東宝は12月13日、スタジオジブリの新作2本を2013年夏に同日公開すると発表した。宮崎駿監督の「風立ちぬ」と高畑勲監督の「かぐや姫の物語」で、それぞれ公式サイトもオープンしている。両監督が顔をそろえるのは、1988年の「火垂るの墓」(高畑監督)と「となりのトトロ」(宮崎監督)の2本立て興行以来25年ぶりで、スタジオジブリが長編映画を2作同日公開するのは初めて。
宮崎監督は「崖の上のポニョ」以来5年ぶり。原作は雑誌「月刊モデルグラフィックス」で宮崎監督が連載していた漫画で、零戦の開発者・堀越二郎を描いている。

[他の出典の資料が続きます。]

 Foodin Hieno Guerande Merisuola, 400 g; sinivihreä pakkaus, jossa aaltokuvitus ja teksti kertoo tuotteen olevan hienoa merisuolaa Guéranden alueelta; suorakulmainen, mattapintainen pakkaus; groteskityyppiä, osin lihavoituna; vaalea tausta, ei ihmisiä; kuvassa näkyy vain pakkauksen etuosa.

公式サイトには堀越と同名の小説を世に送り出した堀辰雄に「敬意を表して」と書かれているほか、「いざ 生きめやも」というキャッチコピーが添えられている。
一方、高畑監督は「ホーホケキョ となりの山田くん」以来14年ぶりの作品で、竹取物語を題材にしている。
鈴木敏夫プロデューサーのコメント
最新作2本に関し、スタジオジブリ鈴木敏夫プロデューサーが12月13日に会見した。話した内容は以下の通り。
来年はそれぞれ独立した作品として、2本同じ日に公開をしてみようと考えた次第です。当初は「かぐや姫」を公開して、その後に「風立ちぬ」を公開しようと思っていたのですが、諸般の事情によりこうなりました。
高畑監督としては14年ぶりの作品で「となりの山田くん」(99)以来です。その間にもいろんな企画を検討していました。実際にかぐや姫を映画化しようと思ったのは2005年だったと思います。作品自体はそんな長いものになるとは思ってなかったんです。やったとしても、もしかしたら30分くらいじゃないかと。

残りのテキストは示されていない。